Another statute requires LRAs to maintain a certain distance from schools, licensed child care centers, playgrounds, “or other ground or facilities where children of similar age or circumstances as a previous victim are present”.
While the LRA is more than the required 500 feet away from any child care center or school, an Enumclaw School District bus stop was located under than limit when the home was contracted, and the children picked up at the stop are of a similar age to Knapp’s victims.
According to ESD, the district worked with the two families that use the bus stop about whether or not to move it. One family declined to have the bus stop moved; the other did not respond.
Dunn said he will also try to use King County Code Enforcement to review Garden House and find any code or zoning issues that could affect the LRA in multiple ways, from limiting the number of residents, forcing the operators to spend money, or — best yet — close the home down.

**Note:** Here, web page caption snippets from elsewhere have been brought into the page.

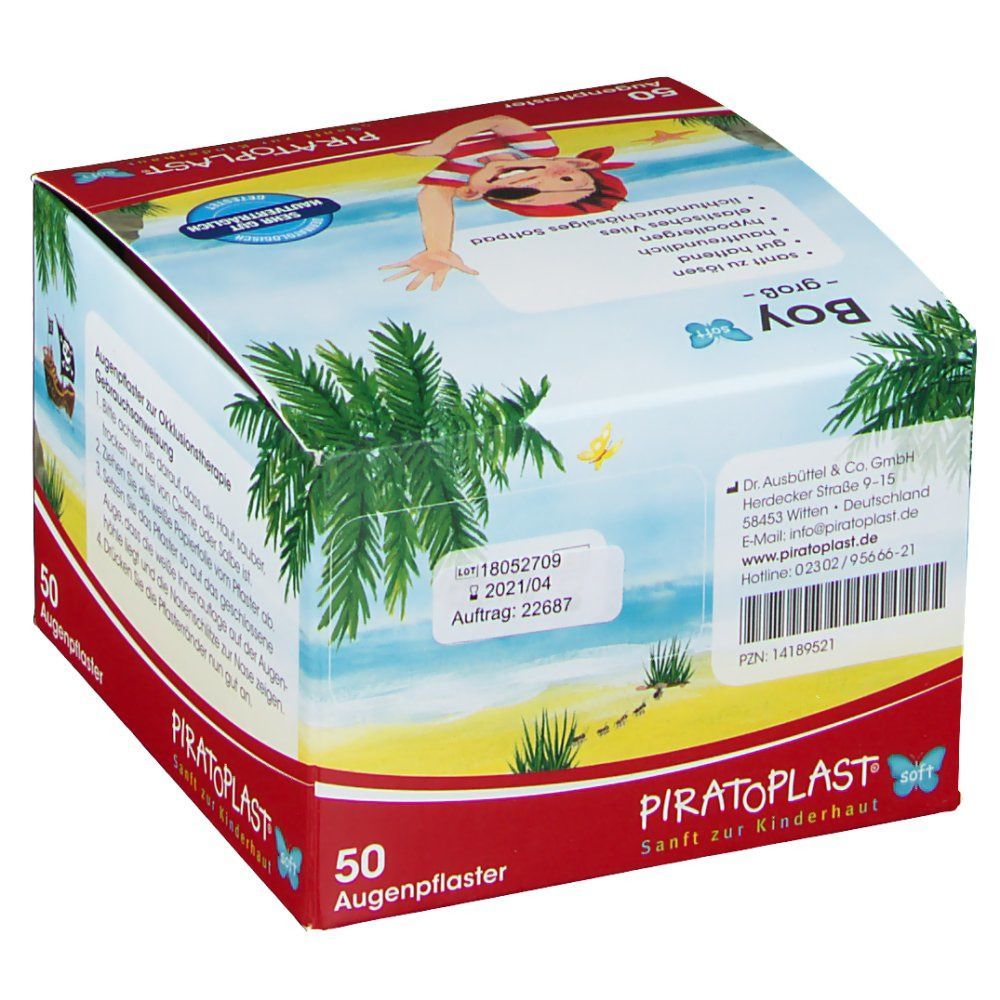 Karton mit 50 Augenpflastern. Aufdruck: PIRATOPLAST® Boy soft groß. Illustration eines Piratenjungen. Adressdaten und Chargennummer.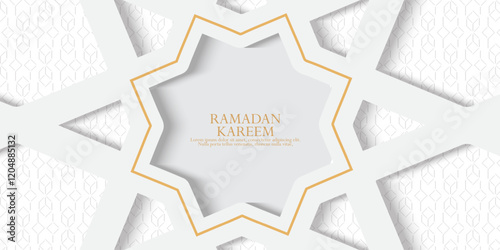 greeting cards Ramadan and Eid background with copy space,Eid Al-Fitr Mubarak, Ramadan Kareem, Islamic Style Greeting Background Collection Set with Arabic Ornaments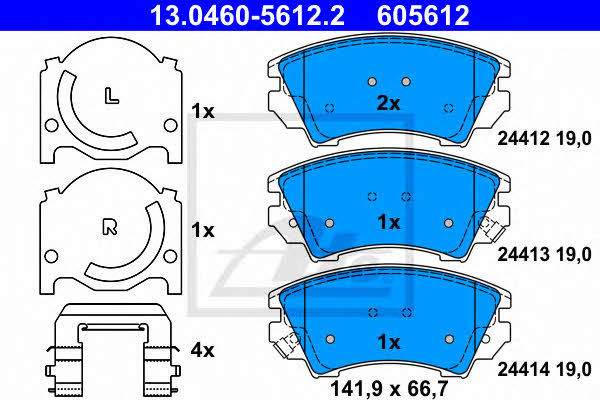 Ate 13.0460-5612.2 Brake Pad Set, disc brake 13046056122: Buy near me in Poland at 2407.PL - Good price!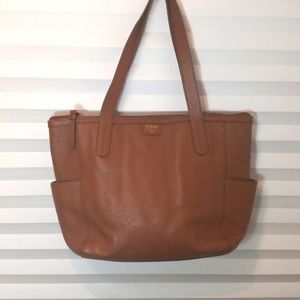 Fossil Brown Leather Tote Bag Handbag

He mentioned that North Bend fought an LRA a couple decades ago and successfully moved the facility out of its area into a Seattle industrial zone.
“That’s our goal,” he said. “… Put it in a place that has proper policing, proper security, proper transit, [and] proper access to services” to prevent re-offenses by LRA residents.
Finally, Dunn said he plans to introduce legislation at the county level. The legislation would not necessarily close Garden House, but it would require it and other LRAs to go through a conditional use permit, which would at the very least require alerting nearby residents that an LRA is planned for their area and giving them time to push back.
But the real pressure needs to come from the public, he continued.
“…We need a nonprofit… and have a litigation fund of some king that we can give money to and use that as a basis for paying an attorney,” he said. “If we can get $10,000 in the bank, we can get a retainer and get an initial look at this.”
Dahlquist, a former state representative for the Enumclaw area, said she believes the strategy that will ultimately lead to success is financial pressure.
“[Rockwell and Minnich] are currently, extremely, overextended financially,” she said, though details of that were not discussed at the meeting. “Whatever we can do to force someone to spend money on an effort may actually push him to throw in the parts.”
Beyond legal challenges, one strategy brought up was to pressure local businesses, especially those that Garden House might have to hire if they’re found to be out on compliance with code of zoning, to not serve the LRA.
Dahlquist also said a group could organize a mail campaign to pressure residents of other areas where Minnich and Rockwell operate other businesses, like the home they rent out in Leavenworth, to not give them business.
Finally, she urged residents to attend and comment during Sex Offender Policy Board meeting and other agencies. She said the next meeting was March 23.
Dahlquist said the best way people can comment is to focus on community safety, rather than simply requesting this LRA be closed.
More information can be found at sgc.wa.gov/sex-offender-policy-board.